(To do)
From the line with "Foto 2 de Casa" onward, reproduce each line of the entries exactly, ending at the last one, and add nothing.

Provided information START

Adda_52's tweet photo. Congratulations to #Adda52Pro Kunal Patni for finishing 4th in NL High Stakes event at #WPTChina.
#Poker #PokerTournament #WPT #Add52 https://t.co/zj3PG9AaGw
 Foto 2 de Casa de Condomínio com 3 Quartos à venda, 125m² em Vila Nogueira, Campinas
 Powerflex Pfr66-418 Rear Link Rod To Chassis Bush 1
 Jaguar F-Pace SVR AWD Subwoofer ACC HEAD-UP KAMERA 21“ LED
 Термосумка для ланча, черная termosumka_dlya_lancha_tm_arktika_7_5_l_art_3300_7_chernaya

Provided information END

(Answer box)
 Foto 2 de Casa de Condomínio com 3 Quartos à venda, 125m² em Vila Nogueira, Campinas
 Powerflex Pfr66-418 Rear Link Rod To Chassis Bush 1
 Jaguar F-Pace SVR AWD Subwoofer ACC HEAD-UP KAMERA 21“ LED
 Термосумка для ланча, черная termosumka_dlya_lancha_tm_arktika_7_5_l_art_3300_7_chernaya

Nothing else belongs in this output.